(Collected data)
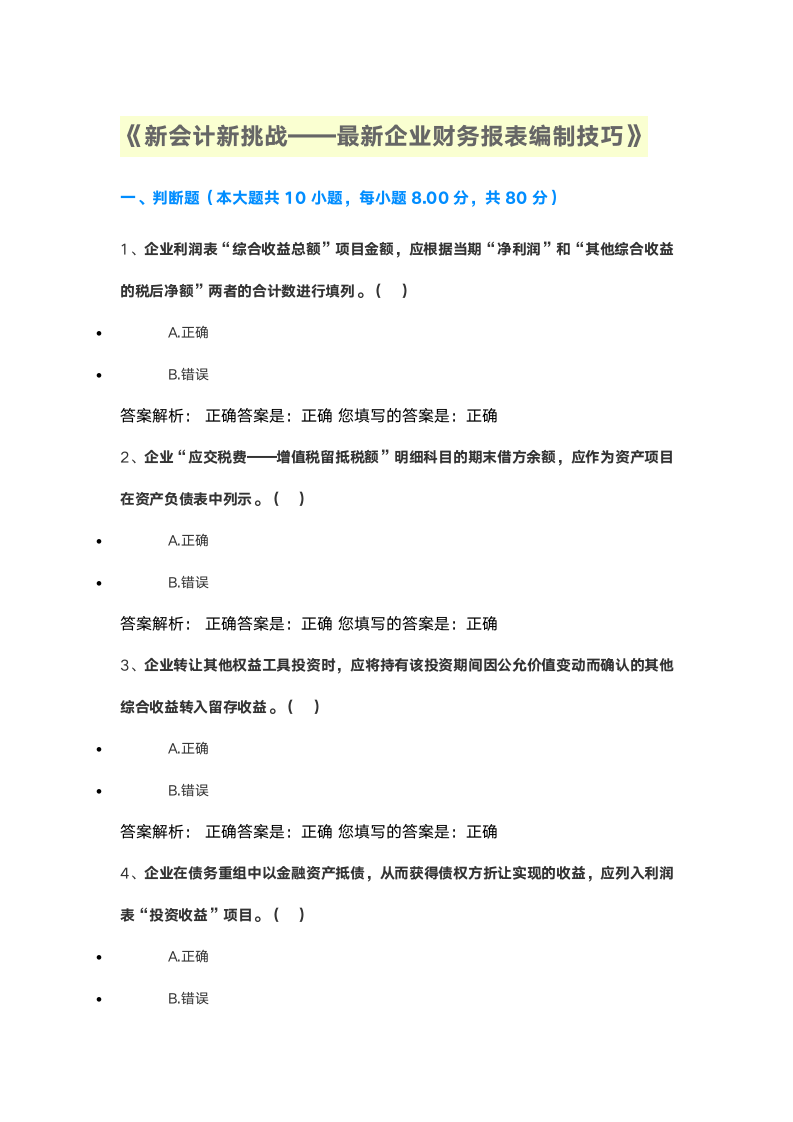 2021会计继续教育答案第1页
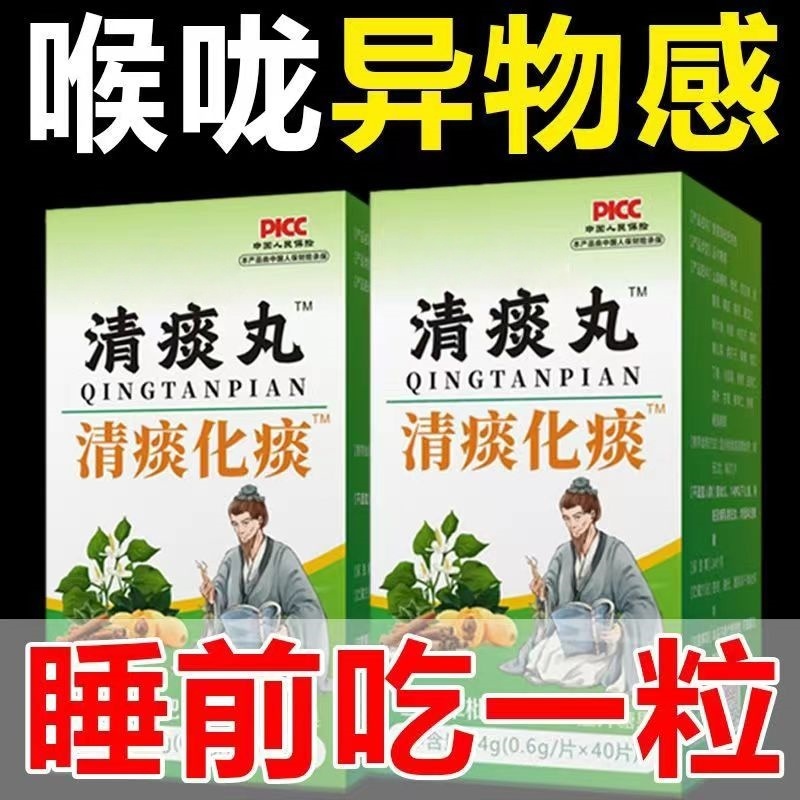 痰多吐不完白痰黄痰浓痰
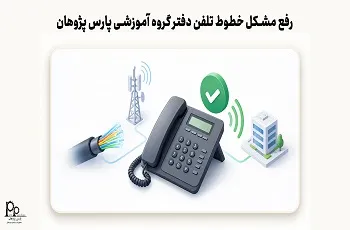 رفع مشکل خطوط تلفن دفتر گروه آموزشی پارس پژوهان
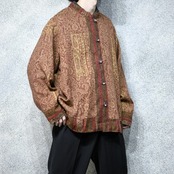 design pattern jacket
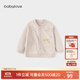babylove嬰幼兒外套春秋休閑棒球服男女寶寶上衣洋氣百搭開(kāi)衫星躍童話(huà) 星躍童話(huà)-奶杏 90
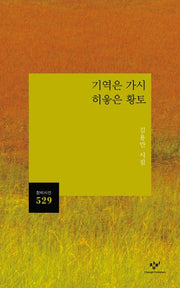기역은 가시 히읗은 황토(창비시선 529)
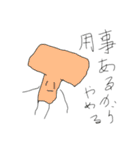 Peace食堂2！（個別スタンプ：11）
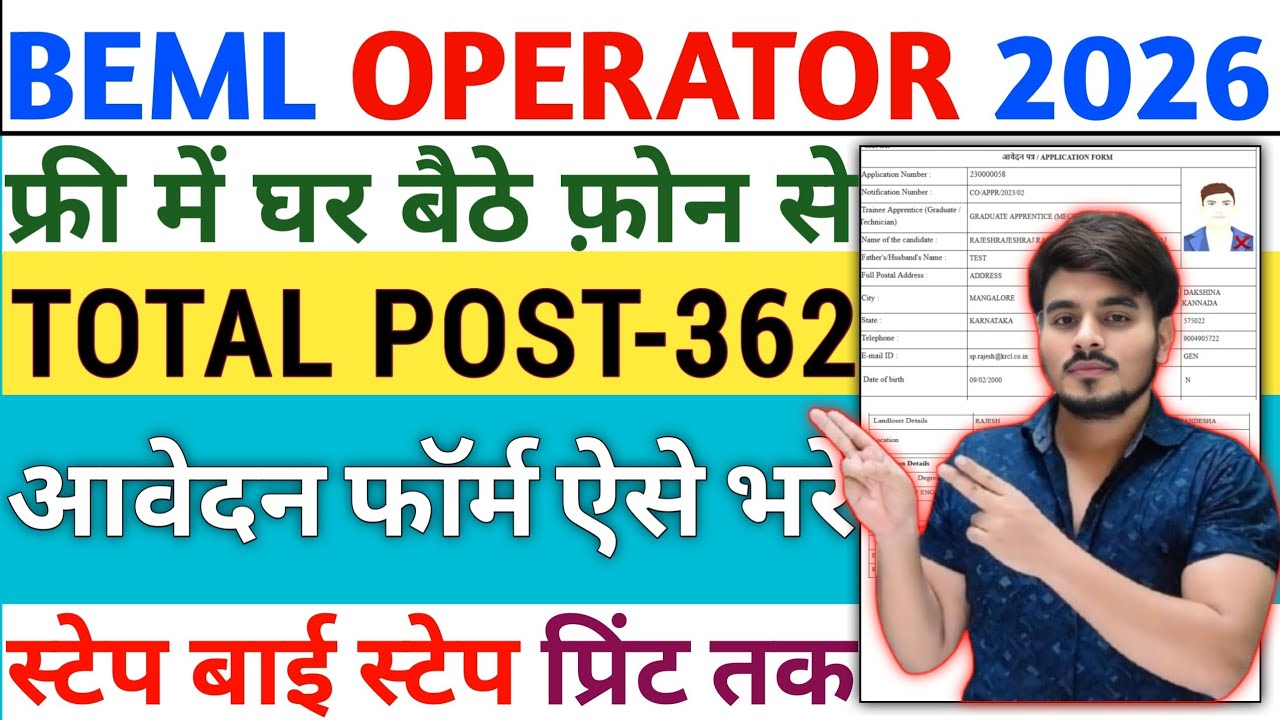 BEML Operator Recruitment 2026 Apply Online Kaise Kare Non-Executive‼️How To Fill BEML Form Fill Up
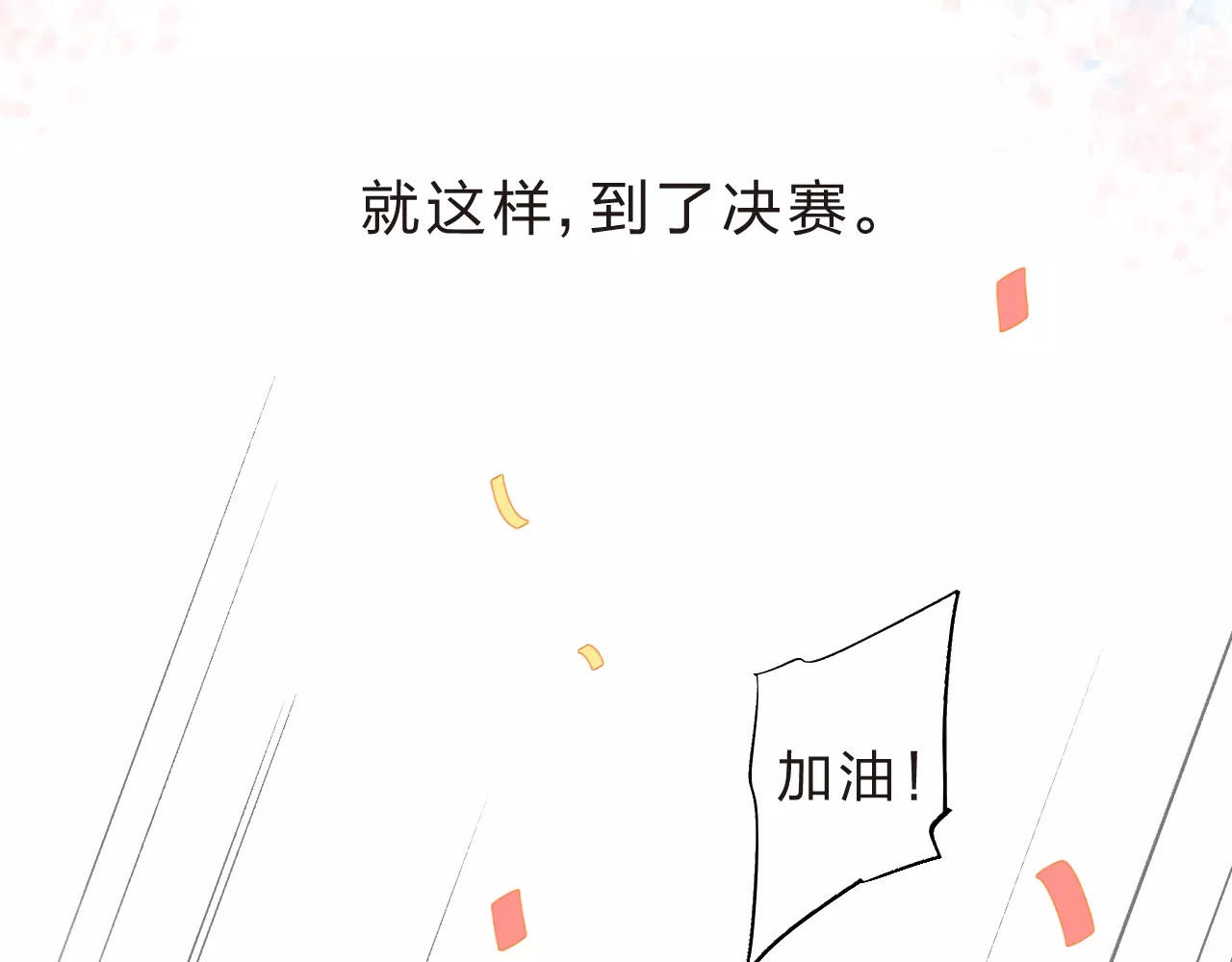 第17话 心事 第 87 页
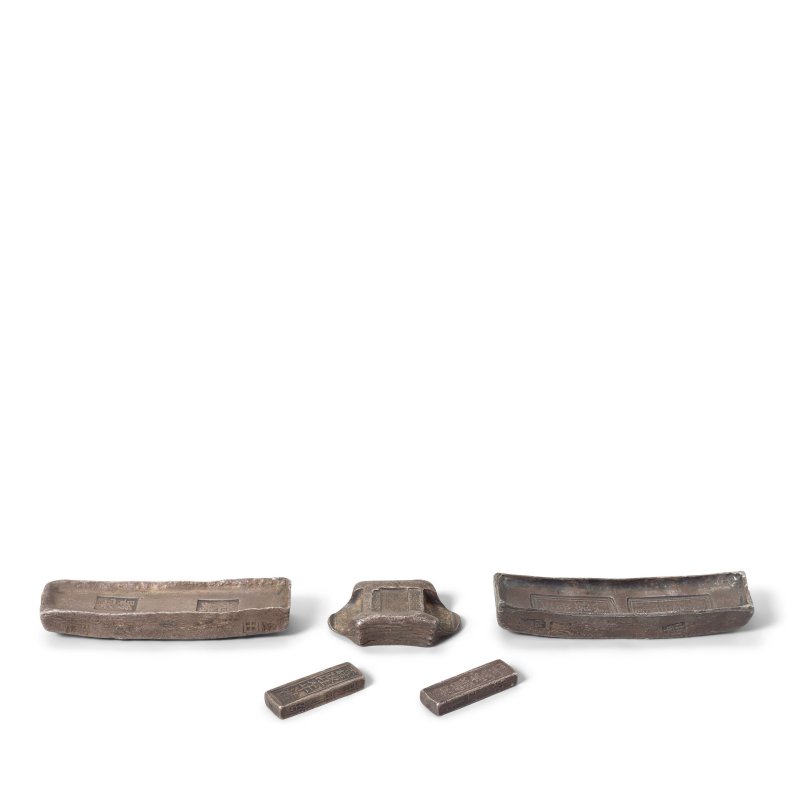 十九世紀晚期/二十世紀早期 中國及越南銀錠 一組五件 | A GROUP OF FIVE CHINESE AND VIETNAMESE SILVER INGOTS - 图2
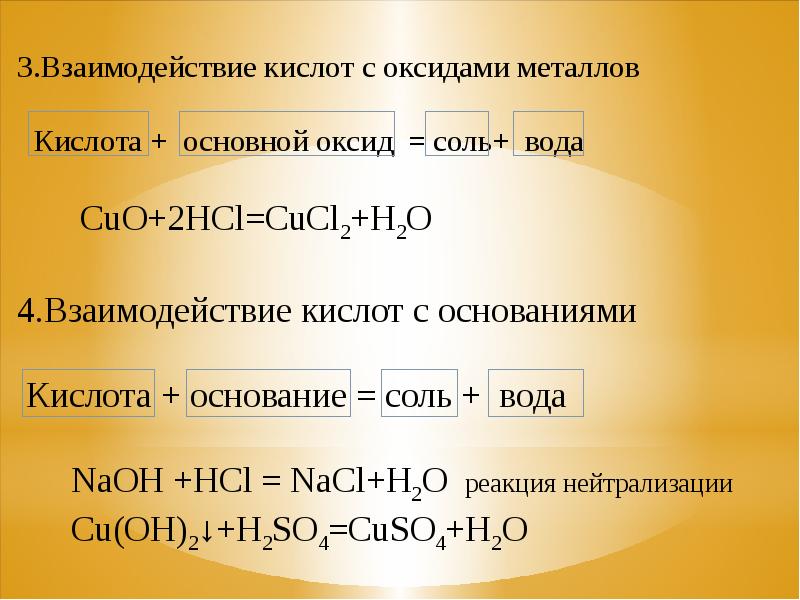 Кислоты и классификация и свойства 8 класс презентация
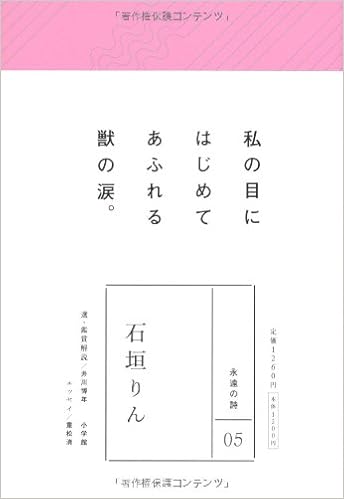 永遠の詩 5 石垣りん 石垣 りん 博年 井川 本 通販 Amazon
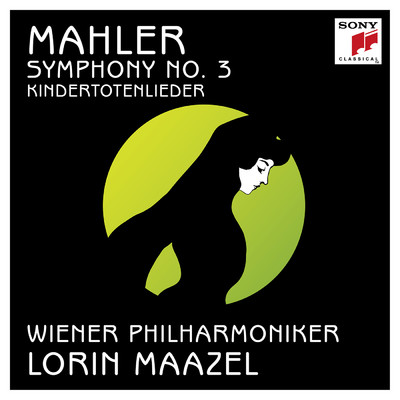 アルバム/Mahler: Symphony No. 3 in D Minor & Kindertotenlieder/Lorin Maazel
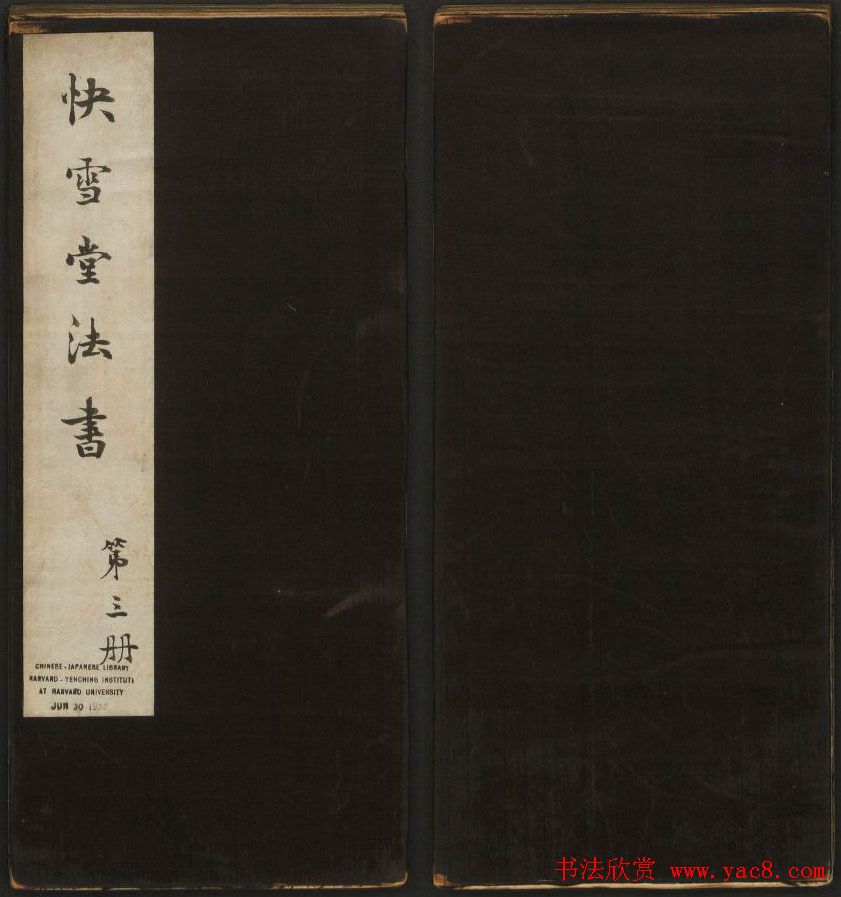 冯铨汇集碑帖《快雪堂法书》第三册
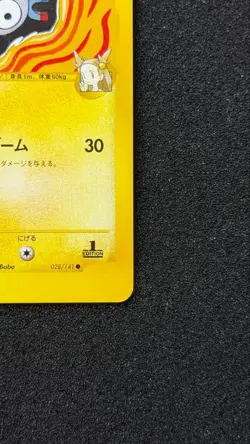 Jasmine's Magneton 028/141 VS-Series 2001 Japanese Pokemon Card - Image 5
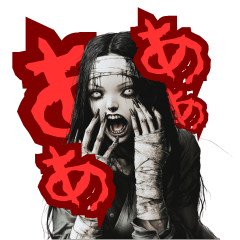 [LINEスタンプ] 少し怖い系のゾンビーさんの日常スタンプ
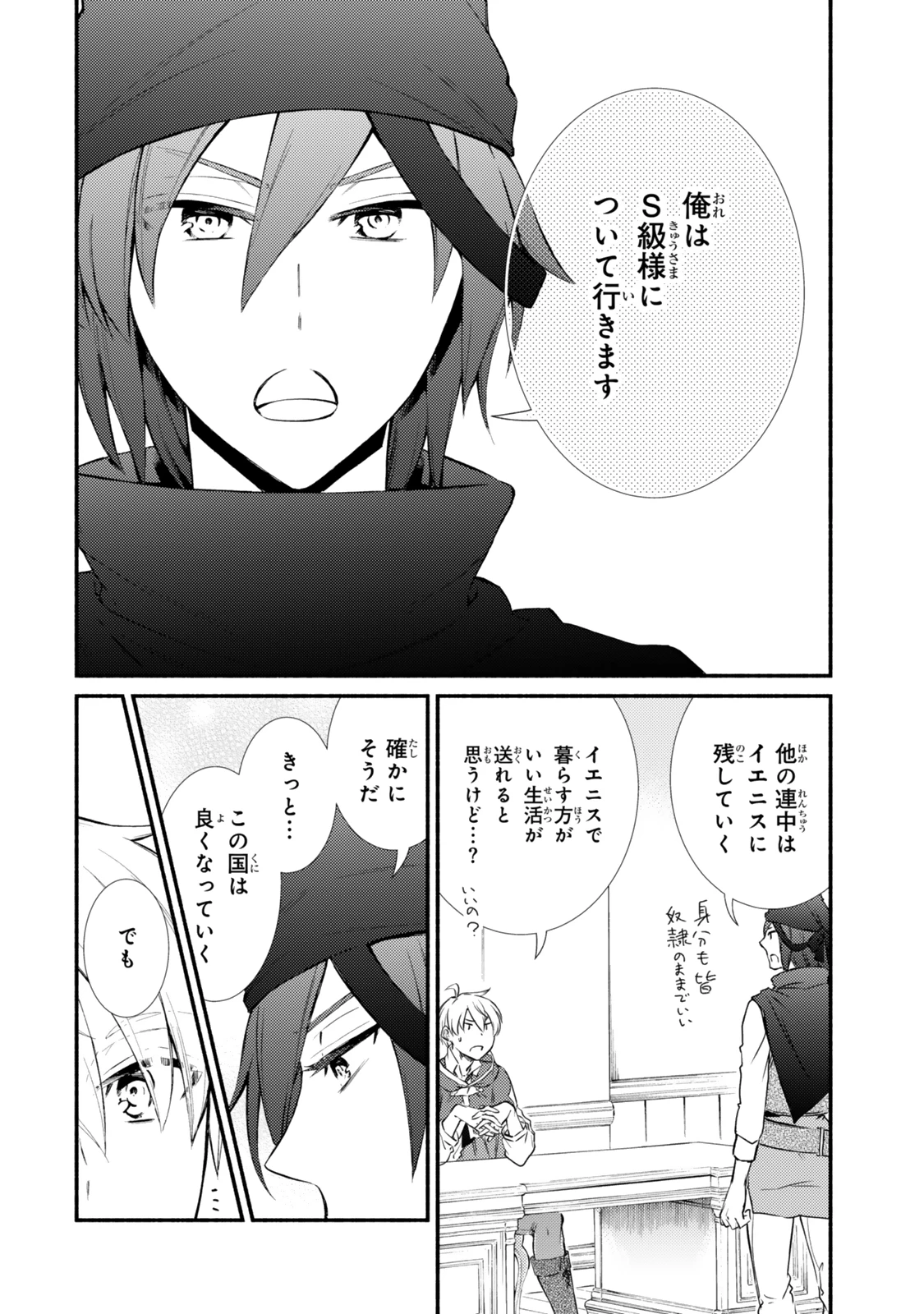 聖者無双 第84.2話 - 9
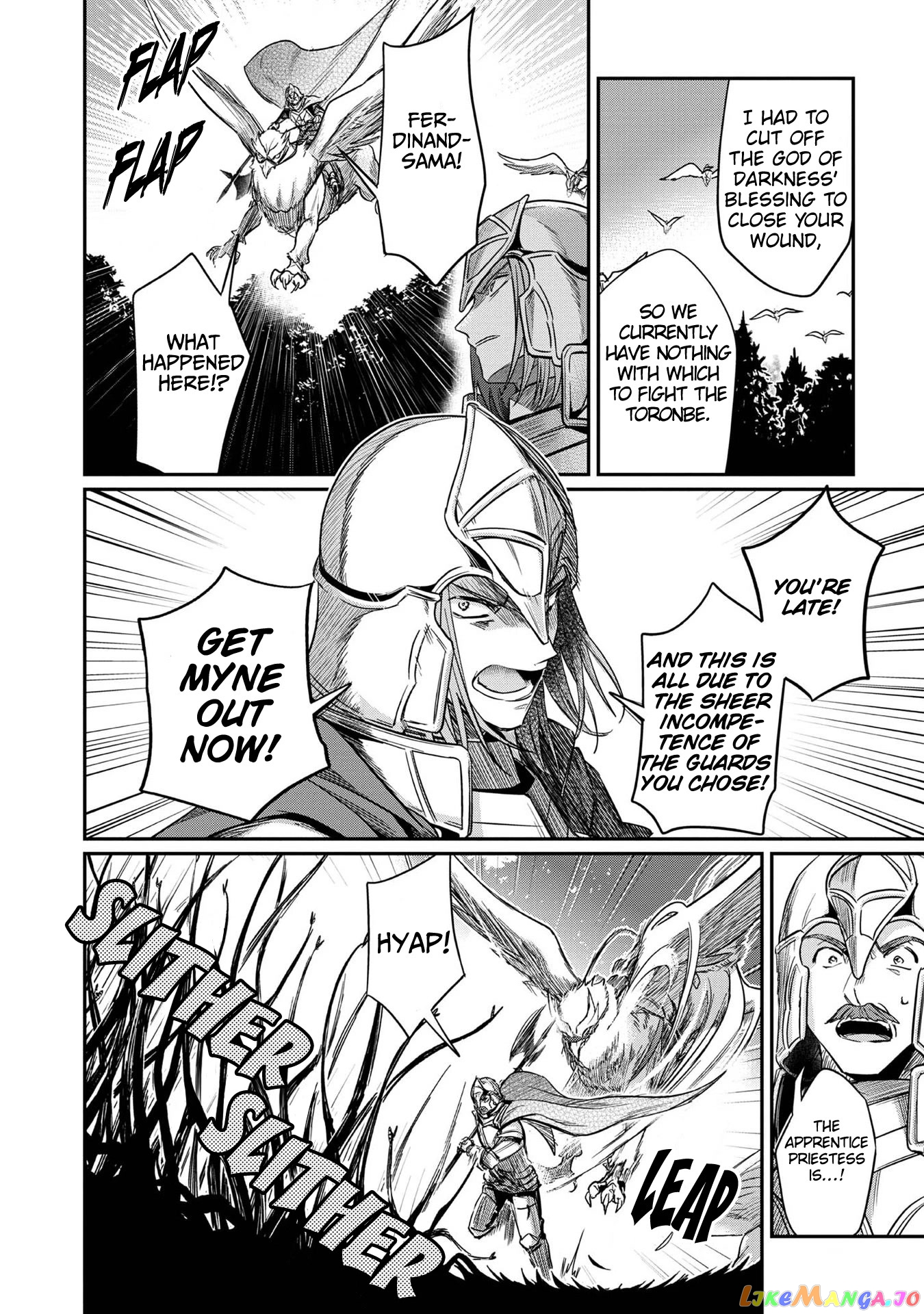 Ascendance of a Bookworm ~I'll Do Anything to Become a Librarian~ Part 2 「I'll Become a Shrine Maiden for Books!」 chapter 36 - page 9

Assignment:
When the line containing "Peace食堂2！（個別スタンプ：11）" has been located, retype it and each line after it through the end of the records, excluding the pictures and adding nothing else.

Result of the exercise:
 Peace食堂2！（個別スタンプ：11）
 BEML Operator Recruitment 2026 Apply Online Kaise Kare Non-Executive‼️How To Fill BEML Form Fill Up
 第17话 心事 第 87 页
 十九世紀晚期/二十世紀早期 中國及越南銀錠 一組五件 | A GROUP OF FIVE CHINESE AND VIETNAMESE SILVER INGOTS - 图2
 Кислоты и классификация и свойства 8 класс презентация
 永遠の詩 5 石垣りん 石垣 りん 博年 井川 本 通販 Amazon
 アルバム/Mahler: Symphony No. 3 in D Minor & Kindertotenlieder/Lorin Maazel
 冯铨汇集碑帖《快雪堂法书》第三册
 Jasmine's Magneton 028/141 VS-Series 2001 Japanese Pokemon Card - Image 5
 [LINEスタンプ] 少し怖い系のゾンビーさんの日常スタンプ
 聖者無双 第84.2話 - 9
 Ascendance of a Bookworm ~I'll Do Anything to Become a Librarian~ Part 2 「I'll Become a Shrine Maiden for Books!」 chapter 36 - page 9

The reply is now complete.